The United States is currently waging an illegal war against ISIS in Iraq and Syria, an Army officer said in a lawsuit Wednesday that carries major constitutional implications for the Obama administration’s campaign against the militant group.
Nathan Smith, a U.S. Army captain and intelligence officer currently stationed in Kuwait, filed the lawsuit in a federal district court in Washington, D.C. In it, he argues President Obama violated the War Powers Resolution by continuing the conflict without congressional support within the law’s timeframe.
“The President did not get Congress’s approval for his war against ISIS in Iraq or Syria within the sixty days, but he also did not terminate the war,” the lawsuit states. “The war is therefore illegal.”
Smith’s lawsuit cites Little v. Barreme, a 1802 opinion by Chief Justice John Marshall that held naval officers liable for any unlawful acts they commit, even if ordered to commit them by the president. Anthony Kennedy cited the decision approvingly in his majority opinion for an executive-power case last term, as did John Roberts in his dissent.
Smith remains on active military service while the case is pending. In an affidavit filed along with the lawsuit, the soldier said he supported military action against ISIS but the potential illegality of the conflict weighed on his conscience.
“How could I honor my oath when I am fighting a war, even a good war, that the Constitution does not allow, or Congress has not approved?” he wrote.
Arguments that the war against ISIS is unlawful are not new.
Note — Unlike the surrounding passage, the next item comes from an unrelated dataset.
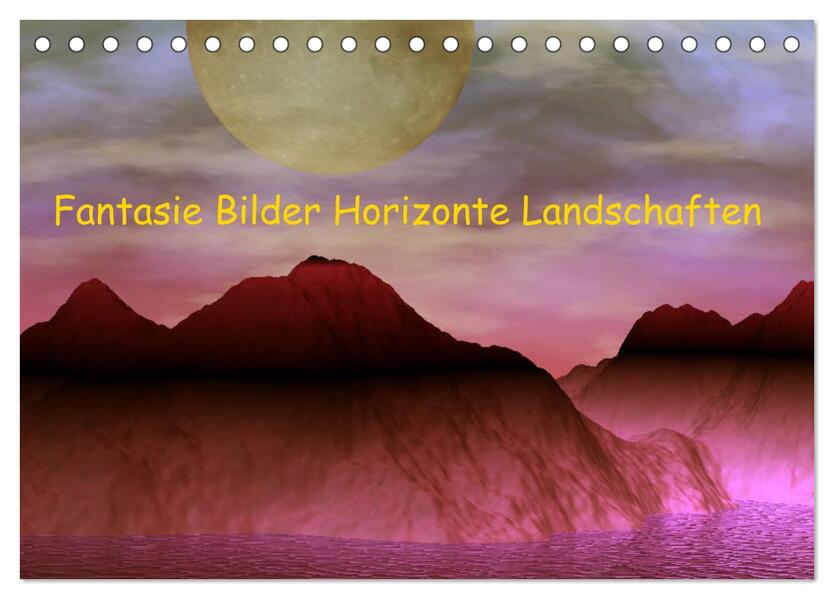 Fantasie Bilder Horizonte Landschaften (Tischkalender 2024 DIN A5 quer) CALVENDO Monatskalender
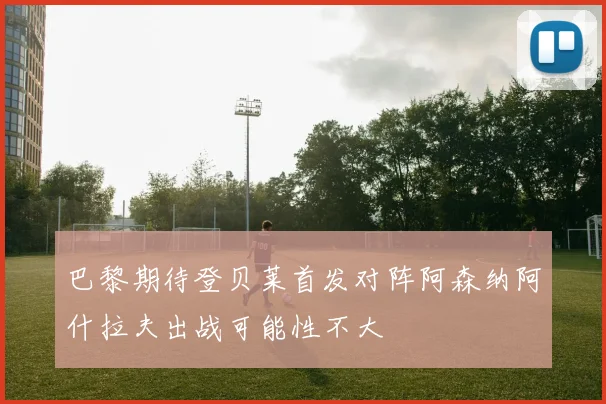 巴黎期待登贝莱首发对阵阿森纳阿什拉夫出战可能性不大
My colleague Garrett Epps wrote an excellent analysis of the situation last August, calling the military campaign “an ongoing violation of the Constitution, one of the most severe of the 21st century.”
But Smith’s legal maneuver to challenge is relatively novel. It sprung from an August 2015 Atlantic article by the Yale law professor Bruce Ackerman, who has studied the constitutional issues surrounding presidential uses of military force for a quarter-century. Ackerman is also advising Smith’s legal efforts.
A key obstacle to challenging an act’s constitutionality is finding a plaintiff who can lawfully bring a case before the courts. Without the proper justification for a lawsuit over an issue, judges will readily toss out the case before examining its merits. Legal standing, like a pair of bowling shoes, is always required.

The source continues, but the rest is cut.